История философии, однако, знает и другой опыт-подход – онтологическую независимость качеств или свойств от предметов-субстанций, которым они принадлежат. Еще в XIV в. Уильямом Оккамом различались независимые и зависимые качества. Предлагался и соответствующий критерий: качество является res dictincta тогда, когда его приобретение или потерю нельзя объяснить простым перемещением или движением составляющих вещь частей. Так, здоровье не является отдельным качеством, поскольку его существование легко объясняется простой пропорцией жидкостей или соков в организме человека. А вот приобретенную силу или естественную наклонность (potentiae naturales), называемую габитусом, следует рассматривать как отдельную res: никакая перестановка частей здесь невозможна, так как воля (габитус – волевая характеристика) вообще их не имеет.

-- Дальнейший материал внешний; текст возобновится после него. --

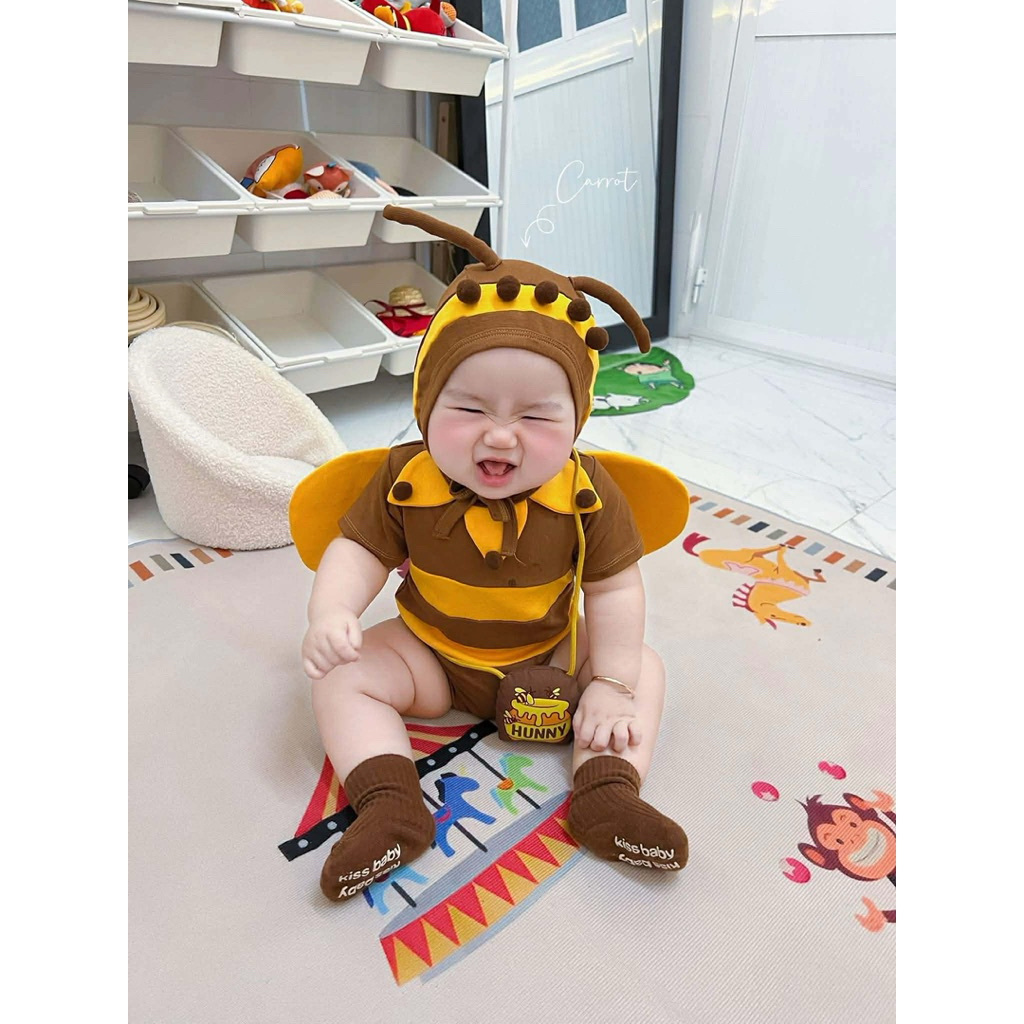 [VNTK]BODYSUIT ONG NÂU TẶNG KÈM TÚI CHO BÉ - XOÀI IU ƠI KIDS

Оккамовскую онтологическую дистинкцию независимых и зависимых качеств в дальнейшем активно разрабатывал Ф. Суарес. Свойства, которые можно отделить от их субстанций, он называл реальными акциденциями, real accidents. К таковым он причислял, в частности, количественную определенность вещи. Те же свойства, которые никак нельзя отделить от субстанций, Суарес квалифицировал как модусы (modes). Эта неотделимость от субстанции и не позволяет modus-у стать real accident или res. Вместе с исчезновением внутренней присущности субстанции пропадает, уходит в небытие и сам модус. «…В сотворенных [Богом] вещах, – писал Суарес, – существуют определенные аффицирующие их модусы, чья природа, кажется, состоит в том, что сами по себе (per se) они недостаточны, для того чтобы конституировать бытие (ens) или сущность (entitatem) в природе вещей, но внутренне требуют сущности, на которую они воздействуют и без которой они не могут никоим образом (nullo modo) существовать» [Гнассуну, Кистлер 2007, 9].

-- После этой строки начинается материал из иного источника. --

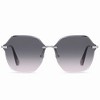 Anna-Kaci Women's Stylish Hexagonal Rimless Gradient Sunglasses for Fashion Looks - 2 of 4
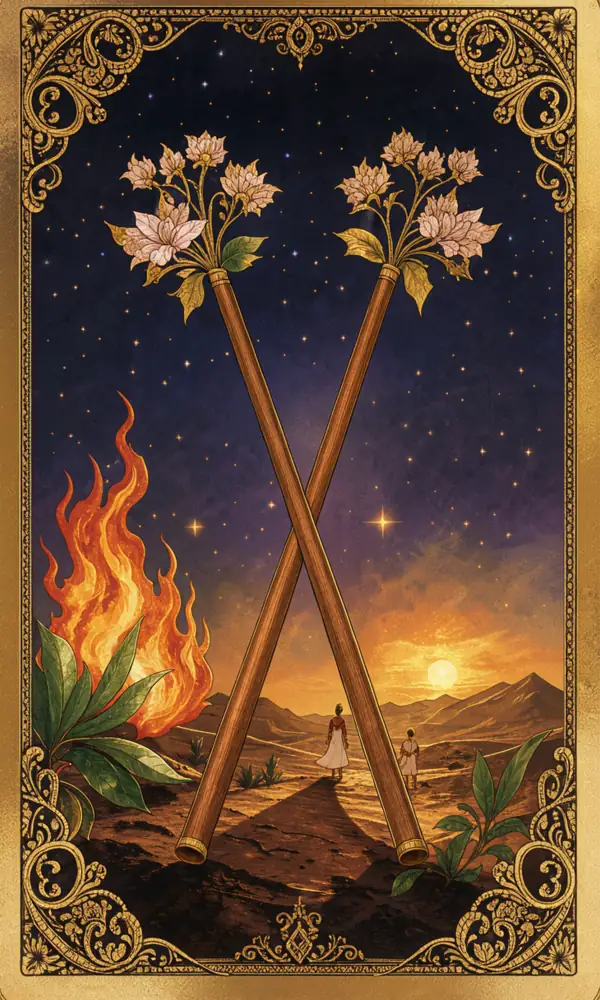 ไพ่สองไม้เท้า (Two of Wands)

Вернемся, однако, к современности и формуле относительной самостоятельности свойств. Неясно, можно только гадать, что стоит за этой формулой на самом деле, какова все-таки онтология свойств. Самостоятельны свойства в своем существовании или нет? Можно поставить вопрос и по-другому: есть ли ясность в определении меры такой самостоятельности? Суть дела, как оказывается, не только в этой неотделимости свойства от его субстратного (субстанциального?) носителя, но и в том, что сведение, в нашем конкретном примере, макро- к микро-, проблемы диспозиционности не решает – оно ее просто переводит на другой уровень, опускает «ниже». В самом деле, особенности (опять же – относительно чего?) кристаллической решетки сахара – это ведь тоже еще не растворимость, а только одно из ее начал. Их онтологический статус все также непрозрачен – он такой же, как и для исходных диспозиционных свойств, а это наводит на мысль, что диспозиционность является интегральной характеристикой всех свойств. Важно также заметить, что движение в микро-редукционистском направлении грозит столкнуть нас с так называемым «приборным идеализмом» – ситуацией, свидетельствующей о том, что все свойства элементарных частиц являются исключительно диспозиционными, на приборную «провокацию» рассчитанные. Получается самый настоящий парадокс: в желании обосновать, объективно укоренить (макро)диспозиционность мы выходим на (микро)диспозиции.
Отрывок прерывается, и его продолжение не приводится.